Pero es precisamente la muerte, su acción sobre las cosas, lo que permite que la vida estalle, de vez en cuando, ante los ojos del caminante, de ese fantasma que a veces se despierta. Y, por supuesto, ante los ojos del lector. En «Vigilia» nos invade la sospecha de que la existencia sabe, al igual que sabe el poeta, que se necesita el alivio de la vida, ese destello que pueda sonreír más que la calavera, para seguir andando y seguir en pie. Por eso este libro también destina páginas a ese «nacimiento» necesario. Entre los versos de la muerte, a veces, amanece, o hay luz bajo árboles, o hay mujeres jugando fútbol o una vaca que nos mira pasar —escenas dispersas entre los textos del libro—. Por eso hay el rocío restante en los sembríos lavando los pies del que camina, cansado de la muerte. Ese es el instante de la vigilia, el instante por el que vale la pena el transitar. Este libro insiste en la dualidad, en la vigilia y el sueño, en la muerte y la vida; sintetiza la experiencia humana de andar la existencia en una metáfora que me parece ya perdurable y que se muestra en uno de sus haikus: hallar, en un bosque quemado hace tiempo, el canto del pájaro.
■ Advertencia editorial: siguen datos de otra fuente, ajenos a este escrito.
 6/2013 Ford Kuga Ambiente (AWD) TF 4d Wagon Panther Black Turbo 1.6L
[1]  Nombre que se le da al poeta que compone Haikus.

Flores de tilo
caídas. Cubre el moho
la pared blanca.


En el pico
de un gorrión, ¡la polilla
bate sus alas!


Bajo la lluvia
seis mujeres y un perro
jugando fútbol.


El chancho viejo.
Las marcas de la soga
sobre su cuello.


Sin caminar
está andando el ciempiés.
Debajo, hormigas.


Árboles negros
a un año del incendio
cantan gorriones.


Entre las piedras,
el cadáver de un zorro.
Sus dientes blancos.


Casas de piedra,
ahora sólo el musgo
cruza las puertas.[2]


Nadie en el pueblo,
dos ancianas se gritan
para escucharse


Sube las gradas
el perro de diez años.
sube despacio…


Hierba de cebada,
húmeda por la escarcha,
lava estos pies.


Las hojas secas.
con el chorro de orina
se están trizando

[2]  Primer premio del III Certamen de haiku Kasumi (2023).
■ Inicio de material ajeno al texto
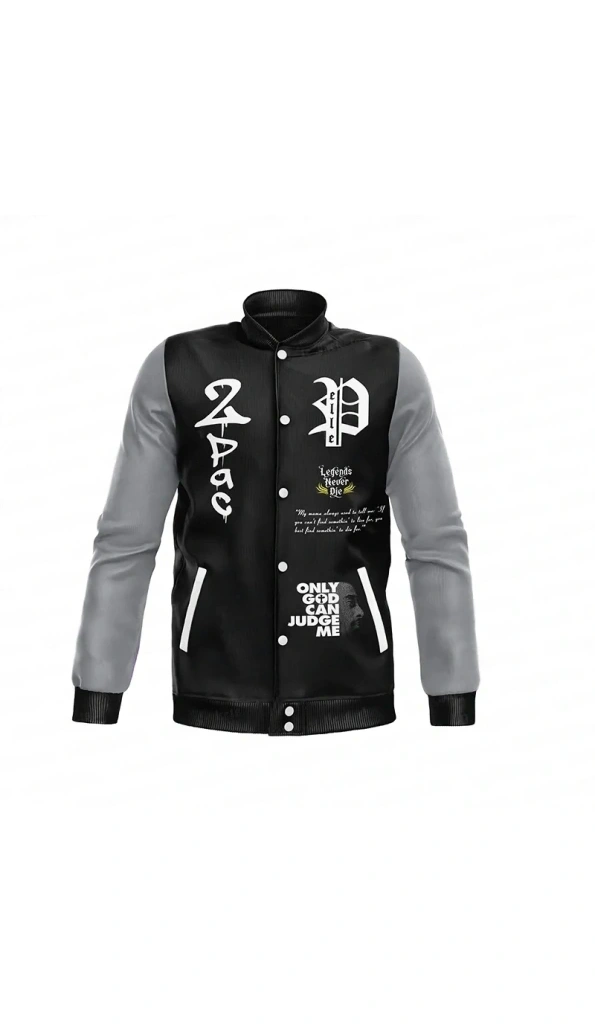Pelle Pelle Tupac Black Leather Jacket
Juan José Pozo Prado (Quito, 1995). Filólogo. Actualmente es candidato a Doctor en Filosofía y Letras por la Universidad de Alicante. La Pontificia Universidad Católica del Ecuador publicó su estudio sobre haiku y poesía bajo el título Entre dos ríos, una corriente. Influencia de Matsuo Bashō en la poética de Octavio Paz (2021). Ha publicado el poema «Mañana o pasado», texto ganador de los fondos concursables del IFCI (Editorial Blanca, 2021), así como las colecciones de haiku, Sísmicas mariposas (El Ángel Editor, 2013) y Vigilia (2023), además de constar en la antología Hanami como primer premio del III certamen de haiku Kasumi (Sevilla, 2023). Ha participado en congresos, ha escrito para revistas nacionales e internacionales.


Juan Suárez Proaño (Quito, 1993). Poeta, editor. Máster en Teoría Literaria por la Universidad de Salamanca. Ha publicado 5 poemarios. Su libro «Las cosas negadas» obtuvo el Premio Nacional de Poesía Paralelo Cero 2021. Es editor en «El Ángel Editor» (Quito) y en la revista «Esteros».